* Q2 operating profit up 36 pct on DS, Wii sales
* Lowers full-year growth forecast on firmer yen
* Raises 2008/09 Wii sales target by 4 pct
* Shares up 10.9 pct ahead of results vs Nikkei's 10 pct gain
* President Iwata sees robust game demand intact (Adds comments from president, analyst)
By Kiyoshi Takenaka and Yumi Horie
TOKYO, Oct 30 (Reuters) - Japan's Nintendo Co Ltd posted a 36 percent gain in quarterly operating profit on brisk sales of its Wii game gear, but the video game maker trimmed its outlook amid a global economic slowdown and a surge in the yen.
The new full-year forecast, however, still exceeds market expectations, and the creator of such game characters as Mario and Zelda raised its sales target for the Wii, saying video game demand remains robust despite the deepening financial crisis.
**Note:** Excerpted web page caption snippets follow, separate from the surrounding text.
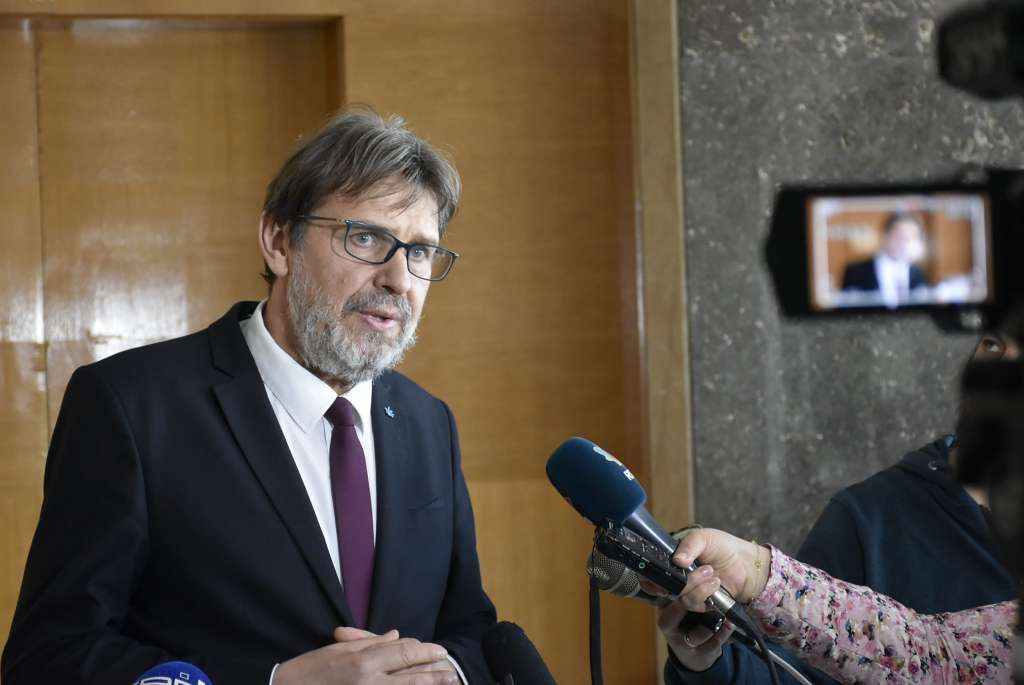 Srbija: Žigmanov kaže da njegovi kritičari žele isto što i Šešelj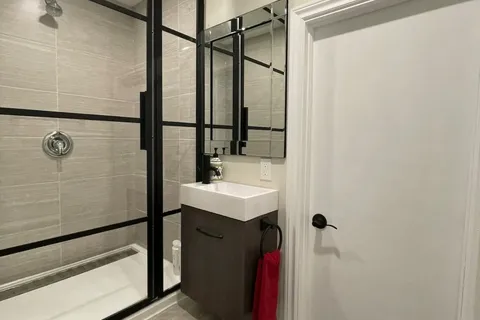 4729 Queen St, Niagara Falls, ON L2E 2M1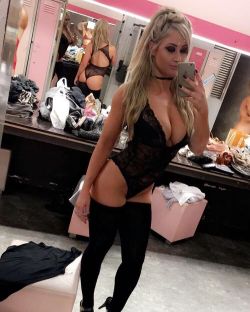 stripper-locker-room:  phoebeellejames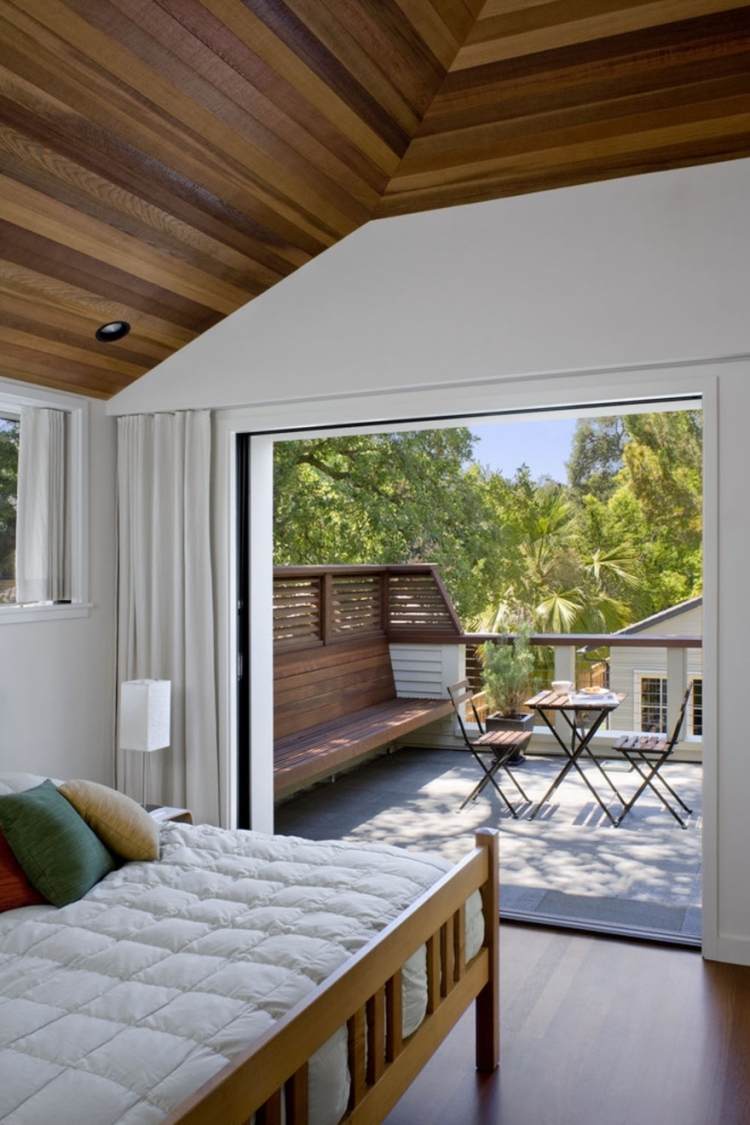 kleinen-balkon-gestalten-ideen-schlafzimmer-terrassentueren-sitzbank-kaffeetisch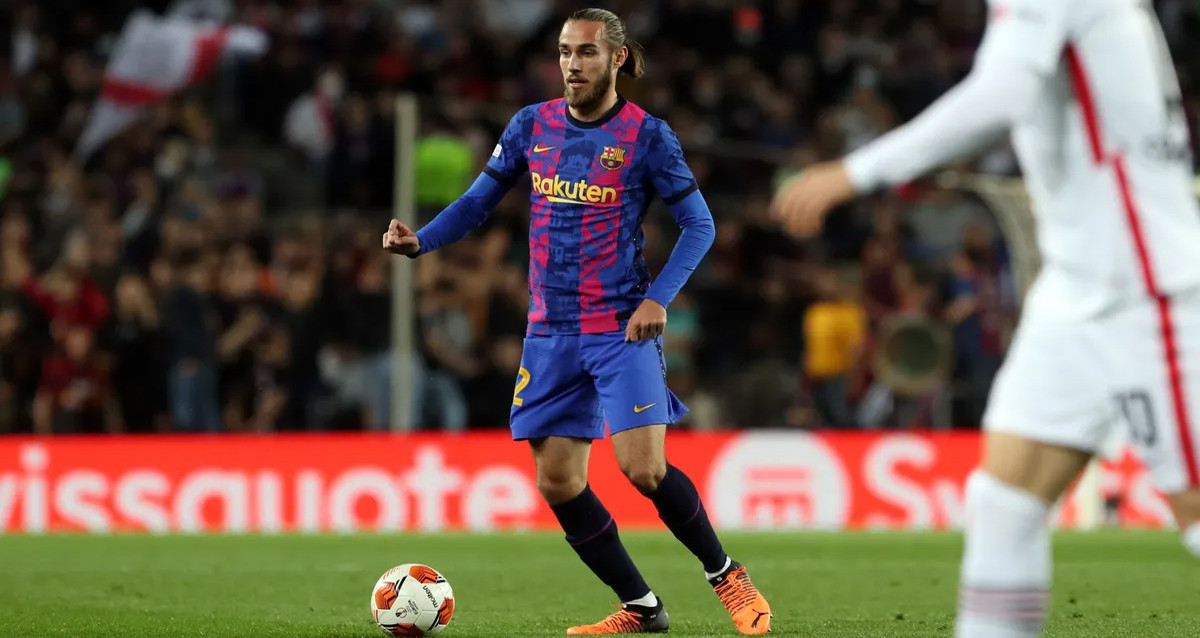 Óscar Mingueza, conduciendo el balón, en una acción del partido del Barça contra el Eintracht / FCB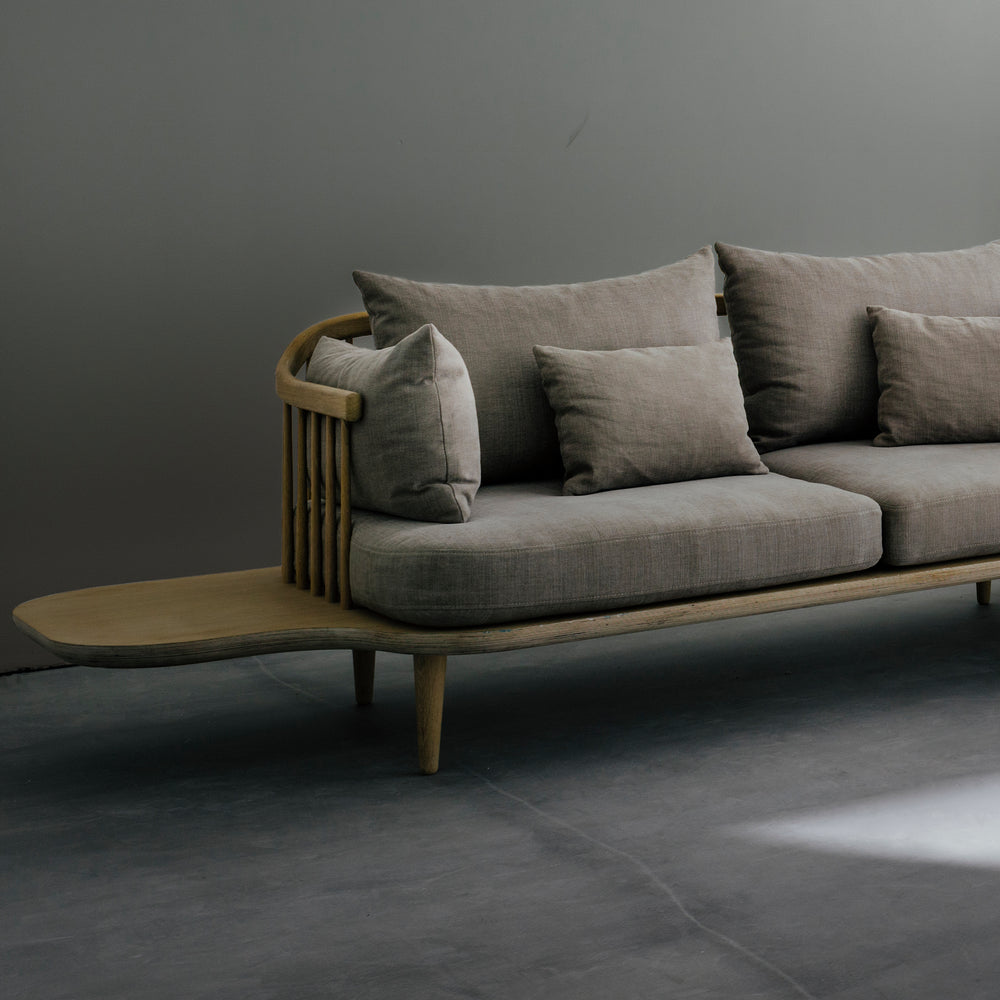 Fly 2-Seater Sofa with Leaf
Both the Wii and DS handheld gear have outsold rival machines from Sony Corp and Microsoft Corp, helped by innovative games such as the "Wii Fit" home exercise title and user-friendly hardware design.
Nintendo cut its operating profit forecast by 3 percent to 630 billion yen ($6.4 billion) for the year to March as it changed its dollar/yen assumption to 100 yen from 105 yen for the second half and its euro/yen outlook to 140 yen from 160 yen.
The latest outlook is still up from 487.22 billion yen a year earlier and above the market consensus forecast of 624.6 billion yen in a poll of 16 analysts by Reuters Estimates.
"Today's announcement offers little evidence that the slowing economy is hurting Nintendo's business," Mizuho Securities analyst Takeshi Koyama said.
"That should provide some sense of relief to investors, although it does not change the fact that the direction of foreign exchange rates remains a great source of concern."
Nintendo's July-September operating profit was 132.99 billion yen, up from 98.15 billion yen a year earlier, according to a Reuters calculation.
Sales rose 17 percent to 413.5 billion while net profit fell 28 percent to 37.56 billion yen as the yen's appreciation pared the value of Nintendo's foreign currency-denominated assets.
WHAT DOWNTURN?
Nintendo President Satoru Iwata said the game sector has been weathering the adverse business environment relatively well and the company remains securely on the growth path.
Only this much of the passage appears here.